Königliche Abnutzungserscheinungen: Jose Mourinho würde im Halbfinale der Copa del Rey am Mittwoch gegen Sevilla am liebsten eine ganz neue Mannschaft auf den Platz schicken, denn seine Spieler würden auf dem Zahnfleisch gehen, wie er sagt. Sein Team sei "körperlich abgenutzt" und erschöpft vom "mentalen Druck", den Meisterschaft und Pokal mit sich brächten, sagt er auch. In der Tat kommt Real Madrid gerade nicht so spritzig daher wie früher in der Saison. Ein 1:1 gegen Almeria und ein hingewürgtes 1:0 gegen Mallorca sind wahrlich kein Ruhmesblatt. Und man kann sich des Eindrucks nicht erwehren, dass was dran ist an Mourinhos Gejammer. Selbst das Nervenkostüm eines so besonnenen Zeitgenossen wie Iker Casillas scheint mitgenommen. Anders ist es wohl nicht zu erklären, dass er sich gleich zu Beginn des Spiels gegen Mallorca am Sonntagabend mit Marcelo anlegte und dem Brasilianer wegen schlampiger Abwehrarbeit fast an den Kragen gegangen wäre.

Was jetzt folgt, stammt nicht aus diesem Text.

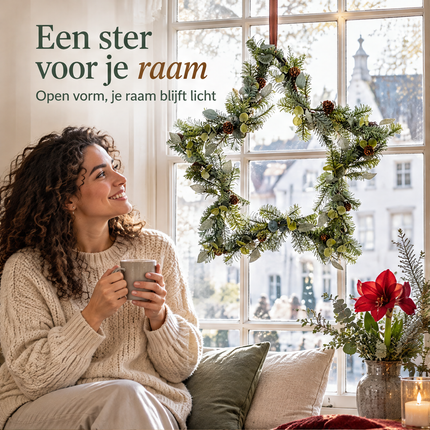 infographic opus55 infographic 1 - Cheqo® Kerstkrans 60 cm Ster met Dennenappels en Eucalyptus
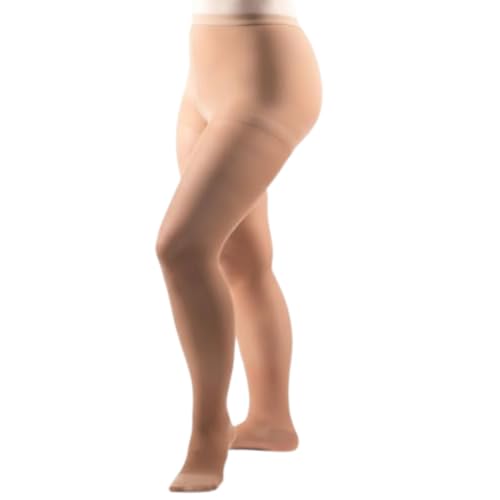 Image of Allegro Women's Essential 83 Sheer Compression Pantyhose 8-15 mmHg Support | Discreet toe styling with a soft double-plush waistband, ventilated crotch and smooth nylon-spandex fabric for daily comfort.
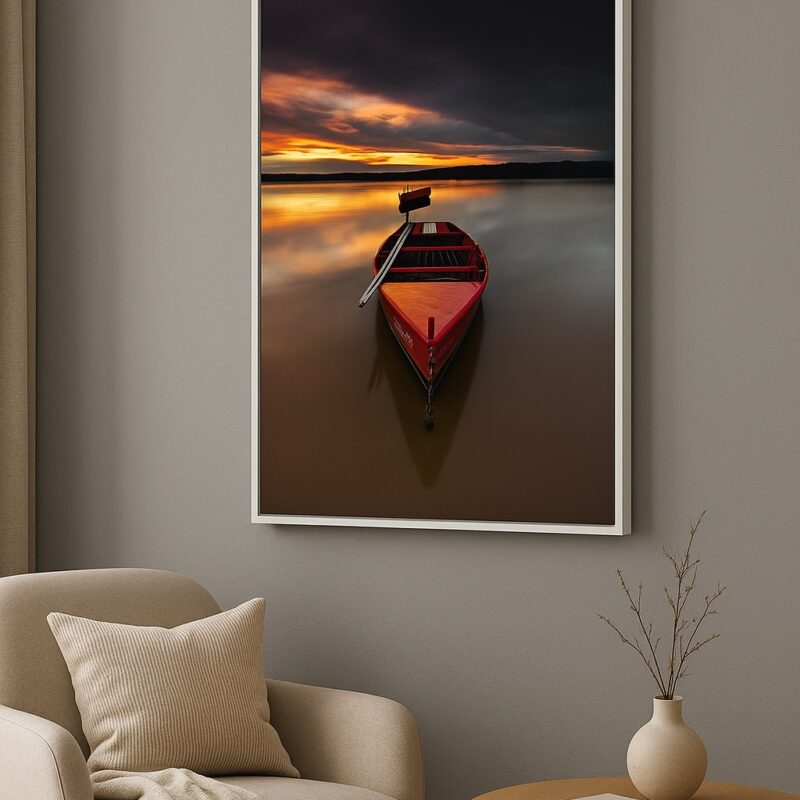 Quadro Canvas Barco Vermelho Ao Por Do Sol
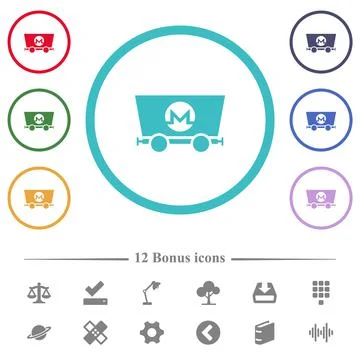 Monero cryptocurrency mining flat color icons in circle shape outlines Stock-Illustration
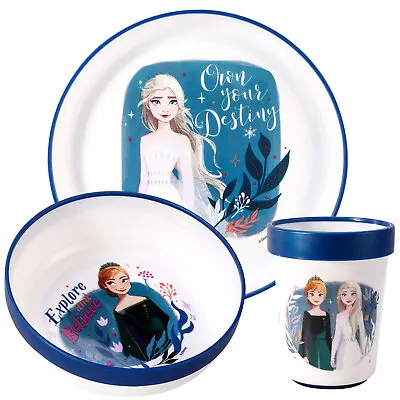Buy Disney Frozen 3pcs Bicolor Kids Dinner Tableware Set Plate, Bowl & Tumbler • 12.99£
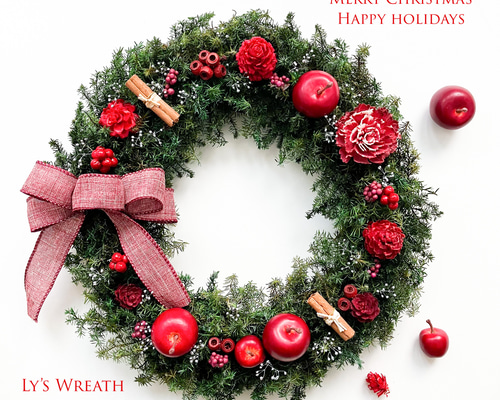 Lサイズ＊赤い木の実のクリスマスリース ドライフラワー Ly's Wreath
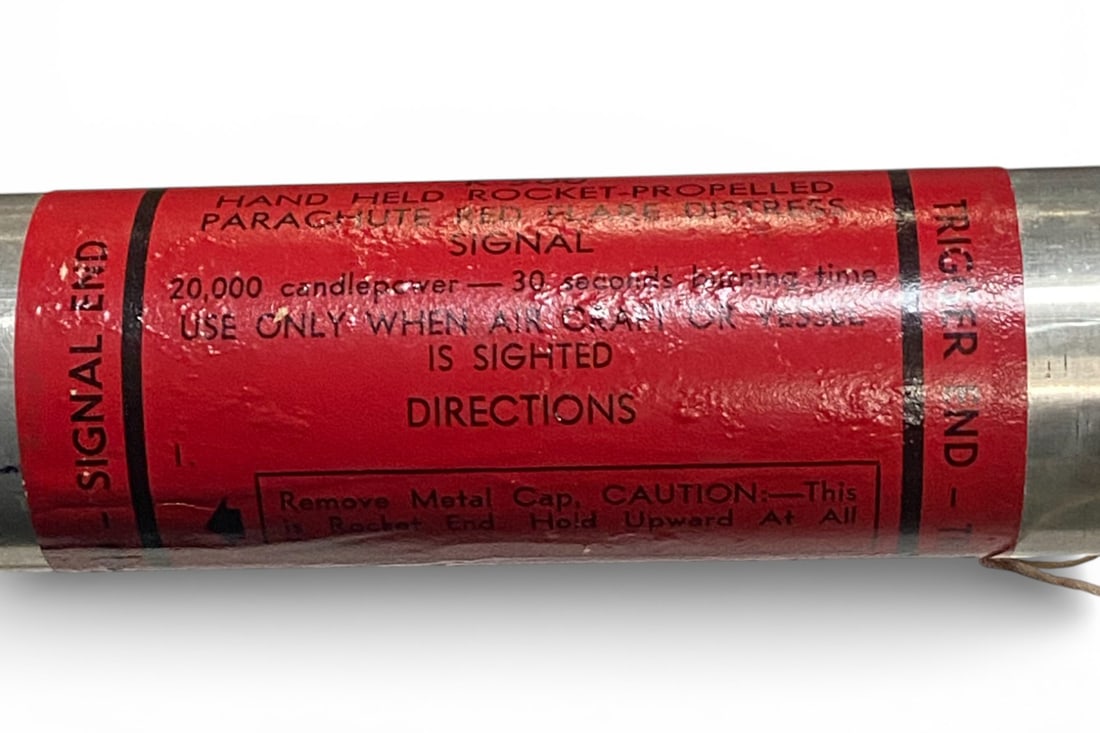 1966 Harvell-Kilgore K-500 Parachute Red Signal Flare Canister - 5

Der neue Iniesta: Vermutlich kostet es Real noch die letzten verbliebenen Körner, wenn man sich noch ein paar Wochen ansehen muss, wie der FC Barcelona jeden Gegner am Nasenring durch die Arena schleift.Diesmal traf es Racing Santander, das vermutlich bis in die Morgenstunden ausgelassen in irgendeiner Bodega feierte, dass man nicht sieben oder acht Stück kassiert hatte. Anders formuliert: Barca war wieder gut. Vor allem einer: Andres Iniesta. Jetzt ist es kein Geheimnis mehr, dass der 26-Jährige mit dem fahlen Teint ganz gut in seinem Fach ist, doch in Spanien sagt man, Iniesta habe sich in dieser Saison neu erfunden. "Der bessere Iniesta" titelte "El Pais" nach dem Santander-Match und meint: Jetzt spielt der Kerl nicht mehr nur wie der Teufel, sondern macht auch noch Tore. Sieben sind es seit Samstag und damit eins mehr als in seiner bisherigen Rekordsaison 2006/2007, als er für sechs Treffer 38 Spiele brauchte. Als Konkurrenten kann einen so was körperlich und mental ganz schön abnutzen.